Legislator: Vaksinasi Mandiri Jangan Ada Motif Terselubung

Seharusnya Pemerintah cukup fokus pada target dan strategi vaksinasi dalam satu tahun

EPA-EFE/HOTLI SIMANJUNTAK
Seorang petugas kesehatan menyiapkan dosis vaksin selama kampanye vaksinasi COVID-19, (ilustrasi).
Rep: Febrianto Adi Saputro Red: Gita Amanda

REPUBLIKA.CO.ID, JAKARTA -- Anggota Komisi IX DPR Netty Prasetiyani menyoroti soal vaksinasi mandiri yang tengah dipersiapkan pemerintah. Netty mempertanyakan motif pelaksanaan vaksinasi mandiri tersebut.

"Jika sekarang muncul lagi isu melibatkan sektor swasta untuk mengadakan dan melaksanakan vaksinasi secara mandiri atau gotong royong, saya perlu mempertanyakan apa motif dibalik usulan tersebut? Benarkah untuk meringankan biaya dan mempercepat kekebalan kolektif, atau ada motivasi lain? Demi asas keadilan, jangan sampai ada motif terselubung," kata Netty dalam keterangan tertulisnya kepada Republika, Ahad (14/2).
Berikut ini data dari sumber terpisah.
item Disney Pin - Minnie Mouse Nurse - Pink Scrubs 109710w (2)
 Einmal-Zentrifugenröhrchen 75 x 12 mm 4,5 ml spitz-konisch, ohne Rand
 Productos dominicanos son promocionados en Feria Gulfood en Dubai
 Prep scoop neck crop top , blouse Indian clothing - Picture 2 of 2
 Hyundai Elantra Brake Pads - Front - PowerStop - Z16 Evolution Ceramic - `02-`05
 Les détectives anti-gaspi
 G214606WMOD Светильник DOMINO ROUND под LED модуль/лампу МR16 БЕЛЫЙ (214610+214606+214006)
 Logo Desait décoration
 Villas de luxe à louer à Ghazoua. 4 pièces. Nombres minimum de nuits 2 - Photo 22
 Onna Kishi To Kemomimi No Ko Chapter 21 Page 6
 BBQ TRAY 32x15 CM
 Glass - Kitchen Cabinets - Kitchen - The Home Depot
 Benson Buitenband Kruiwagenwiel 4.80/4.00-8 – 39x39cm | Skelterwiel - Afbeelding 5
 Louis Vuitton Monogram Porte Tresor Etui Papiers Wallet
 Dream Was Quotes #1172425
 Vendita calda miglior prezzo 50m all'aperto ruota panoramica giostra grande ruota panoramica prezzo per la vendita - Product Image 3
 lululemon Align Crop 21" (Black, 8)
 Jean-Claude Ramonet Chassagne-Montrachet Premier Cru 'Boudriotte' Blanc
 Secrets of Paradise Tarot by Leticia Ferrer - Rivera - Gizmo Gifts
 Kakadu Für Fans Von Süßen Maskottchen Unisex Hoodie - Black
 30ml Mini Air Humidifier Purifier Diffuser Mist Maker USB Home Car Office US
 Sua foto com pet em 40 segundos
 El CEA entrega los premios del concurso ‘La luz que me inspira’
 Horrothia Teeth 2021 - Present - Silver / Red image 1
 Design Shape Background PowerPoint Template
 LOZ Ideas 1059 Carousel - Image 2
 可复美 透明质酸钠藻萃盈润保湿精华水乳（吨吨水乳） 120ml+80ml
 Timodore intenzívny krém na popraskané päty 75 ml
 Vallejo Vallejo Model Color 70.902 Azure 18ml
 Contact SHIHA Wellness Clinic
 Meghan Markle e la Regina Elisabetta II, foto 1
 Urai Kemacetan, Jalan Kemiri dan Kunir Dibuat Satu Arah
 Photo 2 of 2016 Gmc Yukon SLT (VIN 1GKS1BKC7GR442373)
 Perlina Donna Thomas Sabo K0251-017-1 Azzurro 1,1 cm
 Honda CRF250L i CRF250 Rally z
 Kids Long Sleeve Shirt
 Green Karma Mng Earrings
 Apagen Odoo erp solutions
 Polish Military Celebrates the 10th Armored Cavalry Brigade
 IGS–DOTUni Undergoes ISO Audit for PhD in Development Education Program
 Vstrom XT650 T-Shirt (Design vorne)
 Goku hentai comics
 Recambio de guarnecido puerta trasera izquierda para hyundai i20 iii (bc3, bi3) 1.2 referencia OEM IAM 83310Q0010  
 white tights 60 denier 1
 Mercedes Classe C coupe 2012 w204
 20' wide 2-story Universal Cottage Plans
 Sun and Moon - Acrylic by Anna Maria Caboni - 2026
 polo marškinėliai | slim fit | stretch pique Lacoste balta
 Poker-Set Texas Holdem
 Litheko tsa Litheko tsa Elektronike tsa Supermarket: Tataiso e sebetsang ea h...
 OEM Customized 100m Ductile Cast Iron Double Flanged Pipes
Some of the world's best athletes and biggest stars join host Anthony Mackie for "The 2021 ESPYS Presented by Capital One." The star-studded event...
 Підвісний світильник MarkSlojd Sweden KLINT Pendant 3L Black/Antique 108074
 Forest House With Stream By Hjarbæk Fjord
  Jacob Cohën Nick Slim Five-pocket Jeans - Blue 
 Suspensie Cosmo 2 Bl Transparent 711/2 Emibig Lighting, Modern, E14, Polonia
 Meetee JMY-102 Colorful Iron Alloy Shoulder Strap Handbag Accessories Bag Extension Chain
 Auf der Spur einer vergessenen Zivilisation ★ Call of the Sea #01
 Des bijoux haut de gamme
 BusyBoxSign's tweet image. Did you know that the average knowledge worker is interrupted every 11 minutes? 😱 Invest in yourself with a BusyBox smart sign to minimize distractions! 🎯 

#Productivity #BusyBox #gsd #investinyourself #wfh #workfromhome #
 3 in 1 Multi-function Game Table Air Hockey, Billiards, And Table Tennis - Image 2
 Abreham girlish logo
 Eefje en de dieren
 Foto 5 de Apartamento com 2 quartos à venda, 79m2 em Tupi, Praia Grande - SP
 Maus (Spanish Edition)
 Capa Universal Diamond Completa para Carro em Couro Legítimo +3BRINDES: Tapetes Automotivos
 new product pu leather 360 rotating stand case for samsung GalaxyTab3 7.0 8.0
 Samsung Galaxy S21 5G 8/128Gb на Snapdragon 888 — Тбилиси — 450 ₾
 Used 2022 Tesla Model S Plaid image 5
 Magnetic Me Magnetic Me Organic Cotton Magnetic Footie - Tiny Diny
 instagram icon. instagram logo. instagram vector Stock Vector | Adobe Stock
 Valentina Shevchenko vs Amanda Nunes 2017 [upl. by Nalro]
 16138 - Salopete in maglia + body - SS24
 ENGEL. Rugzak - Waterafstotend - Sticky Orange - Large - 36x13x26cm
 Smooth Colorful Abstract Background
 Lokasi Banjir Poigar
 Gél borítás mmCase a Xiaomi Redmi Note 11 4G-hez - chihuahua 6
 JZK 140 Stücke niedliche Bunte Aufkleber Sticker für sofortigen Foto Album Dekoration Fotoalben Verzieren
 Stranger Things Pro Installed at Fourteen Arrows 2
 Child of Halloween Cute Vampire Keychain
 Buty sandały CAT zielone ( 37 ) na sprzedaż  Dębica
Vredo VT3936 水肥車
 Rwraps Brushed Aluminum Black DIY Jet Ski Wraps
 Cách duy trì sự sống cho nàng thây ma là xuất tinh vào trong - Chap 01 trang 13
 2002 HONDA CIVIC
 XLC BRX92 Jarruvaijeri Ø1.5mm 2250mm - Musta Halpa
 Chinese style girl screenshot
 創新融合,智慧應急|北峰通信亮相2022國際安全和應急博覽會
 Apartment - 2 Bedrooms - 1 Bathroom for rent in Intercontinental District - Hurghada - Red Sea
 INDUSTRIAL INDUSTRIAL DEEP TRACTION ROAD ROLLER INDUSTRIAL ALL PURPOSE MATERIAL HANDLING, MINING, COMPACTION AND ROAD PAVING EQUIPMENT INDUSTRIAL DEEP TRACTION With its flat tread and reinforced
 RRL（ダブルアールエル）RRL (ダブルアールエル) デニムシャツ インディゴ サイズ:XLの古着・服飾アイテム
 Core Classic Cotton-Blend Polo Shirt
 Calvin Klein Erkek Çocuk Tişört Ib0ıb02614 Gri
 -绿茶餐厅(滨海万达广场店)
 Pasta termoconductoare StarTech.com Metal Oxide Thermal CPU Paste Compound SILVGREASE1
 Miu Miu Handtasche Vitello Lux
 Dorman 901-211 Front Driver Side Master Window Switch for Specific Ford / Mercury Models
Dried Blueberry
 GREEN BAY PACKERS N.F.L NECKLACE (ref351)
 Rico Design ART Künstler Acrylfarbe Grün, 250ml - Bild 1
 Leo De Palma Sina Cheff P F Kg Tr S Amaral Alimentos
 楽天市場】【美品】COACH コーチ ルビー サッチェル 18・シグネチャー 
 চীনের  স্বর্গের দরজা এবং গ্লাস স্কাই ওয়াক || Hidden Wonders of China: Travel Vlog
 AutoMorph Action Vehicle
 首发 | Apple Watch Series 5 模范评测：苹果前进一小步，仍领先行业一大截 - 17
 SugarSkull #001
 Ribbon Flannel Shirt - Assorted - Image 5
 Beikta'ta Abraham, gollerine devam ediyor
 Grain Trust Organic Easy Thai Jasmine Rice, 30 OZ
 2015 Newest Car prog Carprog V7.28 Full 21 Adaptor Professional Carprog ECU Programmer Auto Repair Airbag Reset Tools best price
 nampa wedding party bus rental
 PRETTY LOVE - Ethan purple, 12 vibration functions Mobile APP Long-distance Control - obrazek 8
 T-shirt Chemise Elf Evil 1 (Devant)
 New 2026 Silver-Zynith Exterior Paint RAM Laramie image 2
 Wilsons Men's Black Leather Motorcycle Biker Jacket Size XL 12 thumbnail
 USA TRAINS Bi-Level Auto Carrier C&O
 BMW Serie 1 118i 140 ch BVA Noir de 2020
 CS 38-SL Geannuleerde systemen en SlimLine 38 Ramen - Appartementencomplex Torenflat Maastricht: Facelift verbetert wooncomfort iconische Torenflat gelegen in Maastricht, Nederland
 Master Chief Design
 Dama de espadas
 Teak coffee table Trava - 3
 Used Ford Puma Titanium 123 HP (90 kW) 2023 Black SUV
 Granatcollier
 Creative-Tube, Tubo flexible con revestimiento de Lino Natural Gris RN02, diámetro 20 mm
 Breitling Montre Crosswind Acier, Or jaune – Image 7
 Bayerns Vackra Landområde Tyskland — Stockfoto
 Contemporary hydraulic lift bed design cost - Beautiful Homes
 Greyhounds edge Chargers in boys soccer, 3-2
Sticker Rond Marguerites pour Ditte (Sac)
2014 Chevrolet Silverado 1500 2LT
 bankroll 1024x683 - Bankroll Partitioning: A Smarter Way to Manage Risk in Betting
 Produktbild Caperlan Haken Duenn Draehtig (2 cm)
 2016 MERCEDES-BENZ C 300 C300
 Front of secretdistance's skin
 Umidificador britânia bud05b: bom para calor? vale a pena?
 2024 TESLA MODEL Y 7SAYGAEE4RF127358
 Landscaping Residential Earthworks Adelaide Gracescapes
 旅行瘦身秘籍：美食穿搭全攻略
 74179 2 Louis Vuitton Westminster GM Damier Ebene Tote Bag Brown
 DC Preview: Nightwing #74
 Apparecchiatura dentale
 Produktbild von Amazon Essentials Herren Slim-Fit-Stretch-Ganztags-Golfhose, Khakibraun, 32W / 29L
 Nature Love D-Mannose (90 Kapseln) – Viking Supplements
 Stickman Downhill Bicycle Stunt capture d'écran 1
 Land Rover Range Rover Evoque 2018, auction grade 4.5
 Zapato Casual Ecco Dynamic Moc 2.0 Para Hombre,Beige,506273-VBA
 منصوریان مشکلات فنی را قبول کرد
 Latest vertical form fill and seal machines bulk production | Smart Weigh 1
Ketua Tim Covid-19 Fraksi PKS DPR RI tersebut mengatakan sebelumnya Pemerintah telah menugaskan Kementerian Kesehatan (Kemenkes) untuk menyelesaikan program vaksinasi dalam masa satu tahun dengan target, sasaran dan strategi vaksinasi yang terukur. Seharusnya Pemerintah cukup fokus pada target dan strategi tersebut.
 
"Fokus saja pada target, sasaran dan strategi yang dibuat agar kinerja Kemenkes dalam program vaksinasi ini terukur dengan jelas. Wacana vaksin mandiri, selain membuat pemerintah tampak plin plan dalam membuat kebijakan, juga berpotensi mencederai rasa keadilan masyarakat sebagai penerima vaksin. Jangan sampai ada kesan pemerintah meninggalkan masyarakat miskin yang tidak mampu membayar vaksin," ujarnya.  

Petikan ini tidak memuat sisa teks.